PROUDLY SPONSORED BY BEACON PURCHASING
Purchasing and procurement have become increasingly important to the hospitality sector in recent years, with operators and suppliers working together to find new solutions. One of these solutions may be in the very way business transactions take place. Enter: e-procurement systems.
At the Purchasing Forum yesterday, the conversation took the form of a case study of a company which has made the transition to e-procurement. The case study was presented in three parts by:
- The Client: Roy Bing, Magdalen College, Oxford
- The Systems Provider: Andy Badger, EPSYS Ltd
- The Supplier: Colin Harris, Fresh Direct
By the end of the event there was no one in the room who didn’t agree with the sentiment that e-procurement was an inevitability. Given changes in consumer purchasing behaviour, there is ample evidence to support this argument, along with the availability and capacity of technology (including mobile technology). Whilst there has been slower take up amongst smaller and independent operators, the transition could ended up being within a very short window, especially given the efficiency benefits. But are operators prepared for such a fundamental shift in their way of doing business?
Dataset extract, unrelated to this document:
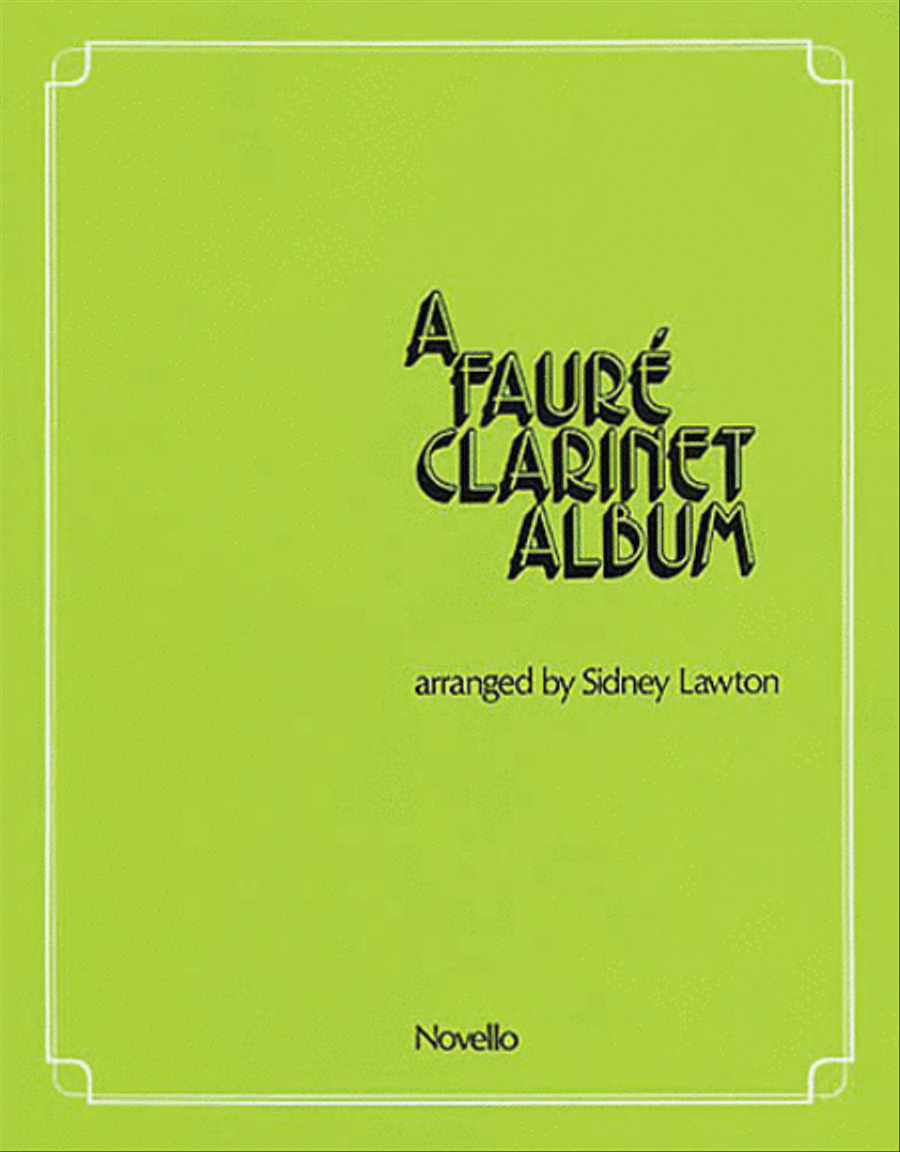 A Faure Clarinet Album Clarinet Solo scores gallery preview page 1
And even if they are, how can they choose the right system for their business out of the myriad of options available?
“E-procurement is many things to many people, but in essence it is a means by which companies can exchange data and do business online”
The emotional purchase
Comparatively speaking, the retail industry has adapted to online procurement significantly faster than hospitality. This is true both in the commercial sense and business-to-business.
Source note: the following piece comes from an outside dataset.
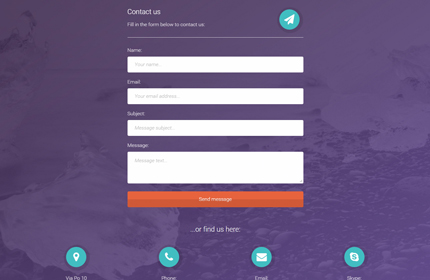 Detail Bootstrap Contact Page Template Nomer 22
Historically there has always been a feeling in the hospitality industry that we’re different somehow. The rules that apply to other industries can’t be levied against hotels or restaurants or contract caterers because they’re just so the requirements are more complex. But how true is that sentiment, really?
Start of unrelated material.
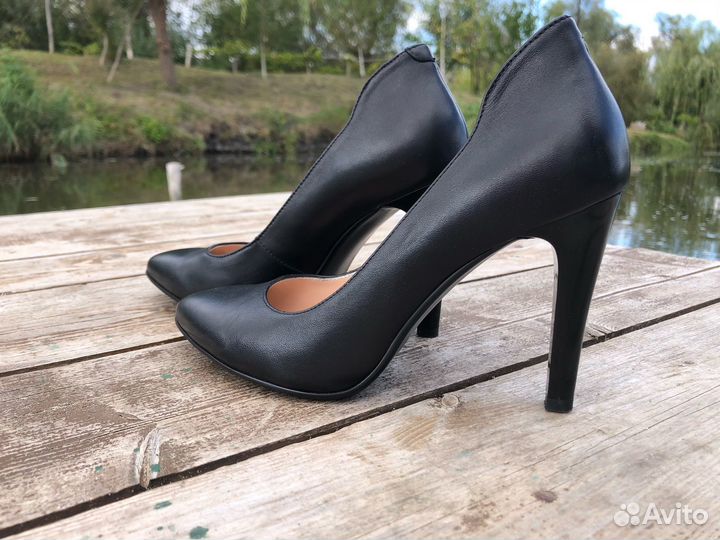 Туфли женские кожаные, 36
There is no denying that a natural link exists between a chef’s creative exploits and what the supplier has available on any given day or week. Many chefs will create menus based on a special offer, or what the supplier has fresh, available in abundance or locally sourced. In addition, suppliers range in size from ‘one-man-bands’ to specialist operators, with many relationships being built up over years. There is a fear in the industry that this emotional element to the purchasing process may be lost through the use of e-systems. This is not true according to all three of the speakers.
“The purpose of these systems is to reduce cost and to “free up” staff to spend more of their time completing their daily tasks rather than the cumbersome job of manually placing orders with a myriad of suppliers … Used correctly e-procurement can actually reduce time spent on purchasing decisions, whilst saving money for the business”
The number of e-procurement systems available specifically for the hospitality industry are increasing with some clear benefits to business for those making the change to on-line systems.
E-Procurement and relationship building
It’s a truth universally recognised that anything “new” will always raise some element of aversion before being accepted. And that’s the same for e-procurement systems.
“The head chef was the loudest and most prolific opponent to the use of e-procurement systems – now, he’s its biggest advocate and wouldn’t be without it”
E-procurement systems don’t remove the relationships between supplier and customer – used correctly they can in fact enhance them. The capability of the systems to store information about delivery times; frequency of products being out of stock, special offers, damaged goods etc means the client can accurately track a supplier’s history. According to Andy Badger of Epsys Systems, this means that rather than using a “one off” example of poor service, the client can give exact examples of the suppliers history – a very useful tool in times of negotiation and price agreements!
Another very valid point made in the course of the session related to the potential for e-procurement to deliver better efficiency and cost savings in the business. This particularly relates to stock control, labour costs and to reduce the implications of purchasing fraud.
“E-procurement systems significantly reduce the occurrence of employee theft or kick-backs from suppliers”
Using e-procurement systems enable a business to accurately track its stock levels in real time. Rather than manually checking and re-checking the amount of flour in the stores and fillet steak in the fridge a chef or stores manager need only look at the system online to pinpoint the levels on site. This means that those items used most frequently can be traced and re-ordered as and when required, rather than in bulk and then stored, thus freeing up more space in the building. In fact, one delegate pointed at the use of tablet hardware by staff in their stock room, meant that information was updated readily and accurately by the team, which made a significant difference to ordering patterns.
Employee time and energy is also better spent as chefs can be freed up to do what they do best – creating menus and designing recipes. Rather than haggling on the phone with a supplier a chef can simply access the system as and when required, in full confidence that the orders placed today will be delivered at the time and date required.
The fringe benefits
A company’s Corporate Social Responsibility Policy can be enhanced by the use of e-procurement systems. Besides the obvious reduction in the amount of paper generated, the capacity to store information on the system can also be useful to the business’s CSR planning.
Information pertaining to sourcing of goods; awarding of kite marks such as Red Tractor or Fair Trade accreditation; nutritional information; calorie counting for new recipes; allergen knowledge; fat content etc can all be stored on the systems – creating more confidence in the products being offered to clients.
In the end, the future of e-procurement systems seems to be that they will become a fundamental part of hospitality business. There are choices available for the industry, the question is understanding which one is best for a business. The answer to that is, every one is different – it’s up to each company to source the right system for their business. Yet, the time to act is now.